** DATA FOR THIS EXERCISE follows **

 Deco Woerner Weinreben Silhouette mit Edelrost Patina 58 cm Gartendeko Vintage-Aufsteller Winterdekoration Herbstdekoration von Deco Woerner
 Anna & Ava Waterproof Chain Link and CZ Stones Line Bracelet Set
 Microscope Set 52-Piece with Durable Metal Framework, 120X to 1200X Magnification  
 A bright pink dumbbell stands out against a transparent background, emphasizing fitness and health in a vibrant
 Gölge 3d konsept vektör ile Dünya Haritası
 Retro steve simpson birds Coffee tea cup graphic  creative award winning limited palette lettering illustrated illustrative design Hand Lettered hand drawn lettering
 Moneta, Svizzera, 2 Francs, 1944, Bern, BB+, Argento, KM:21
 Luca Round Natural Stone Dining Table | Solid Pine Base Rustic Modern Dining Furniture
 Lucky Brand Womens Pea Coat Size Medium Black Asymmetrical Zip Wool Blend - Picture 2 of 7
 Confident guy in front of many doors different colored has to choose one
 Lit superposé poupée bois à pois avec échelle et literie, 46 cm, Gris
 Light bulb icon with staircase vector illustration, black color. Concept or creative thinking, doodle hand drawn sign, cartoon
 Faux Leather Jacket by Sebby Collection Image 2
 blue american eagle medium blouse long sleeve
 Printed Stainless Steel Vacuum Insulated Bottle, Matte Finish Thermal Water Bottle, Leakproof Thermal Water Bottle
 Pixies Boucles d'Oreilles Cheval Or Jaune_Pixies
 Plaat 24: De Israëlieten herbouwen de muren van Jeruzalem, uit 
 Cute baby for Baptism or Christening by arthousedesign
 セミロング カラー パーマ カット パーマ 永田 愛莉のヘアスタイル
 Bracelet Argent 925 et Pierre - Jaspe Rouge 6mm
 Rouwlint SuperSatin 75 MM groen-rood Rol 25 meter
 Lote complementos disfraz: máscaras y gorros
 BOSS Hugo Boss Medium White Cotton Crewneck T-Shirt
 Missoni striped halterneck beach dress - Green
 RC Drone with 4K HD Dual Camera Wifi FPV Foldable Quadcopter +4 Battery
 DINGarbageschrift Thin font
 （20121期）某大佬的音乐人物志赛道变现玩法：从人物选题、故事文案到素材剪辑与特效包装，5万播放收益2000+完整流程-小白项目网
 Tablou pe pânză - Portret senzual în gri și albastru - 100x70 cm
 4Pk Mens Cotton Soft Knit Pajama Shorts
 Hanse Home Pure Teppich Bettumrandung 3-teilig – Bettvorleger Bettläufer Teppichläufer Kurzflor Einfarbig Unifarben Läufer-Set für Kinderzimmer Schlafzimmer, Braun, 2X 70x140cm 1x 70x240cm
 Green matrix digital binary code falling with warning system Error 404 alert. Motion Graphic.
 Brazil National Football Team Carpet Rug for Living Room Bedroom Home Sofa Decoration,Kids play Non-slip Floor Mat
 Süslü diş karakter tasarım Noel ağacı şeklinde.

** End of DATA FOR THIS EXERCISE **

--- WHAT THE TASK ASKS ---
Only the lines from the one with "Bracelet Argent 925" through the final line above belong in the answer, each reproduced word for word.

--- RESPONSE TO THIS TASK ---
 Bracelet Argent 925 et Pierre - Jaspe Rouge 6mm
 Rouwlint SuperSatin 75 MM groen-rood Rol 25 meter
 Lote complementos disfraz: máscaras y gorros
 BOSS Hugo Boss Medium White Cotton Crewneck T-Shirt
 Missoni striped halterneck beach dress - Green
 RC Drone with 4K HD Dual Camera Wifi FPV Foldable Quadcopter +4 Battery
 DINGarbageschrift Thin font
 （20121期）某大佬的音乐人物志赛道变现玩法：从人物选题、故事文案到素材剪辑与特效包装，5万播放收益2000+完整流程-小白项目网
 Tablou pe pânză - Portret senzual în gri și albastru - 100x70 cm
 4Pk Mens Cotton Soft Knit Pajama Shorts
 Hanse Home Pure Teppich Bettumrandung 3-teilig – Bettvorleger Bettläufer Teppichläufer Kurzflor Einfarbig Unifarben Läufer-Set für Kinderzimmer Schlafzimmer, Braun, 2X 70x140cm 1x 70x240cm
 Green matrix digital binary code falling with warning system Error 404 alert. Motion Graphic.
 Brazil National Football Team Carpet Rug for Living Room Bedroom Home Sofa Decoration,Kids play Non-slip Floor Mat
 Süslü diş karakter tasarım Noel ağacı şeklinde.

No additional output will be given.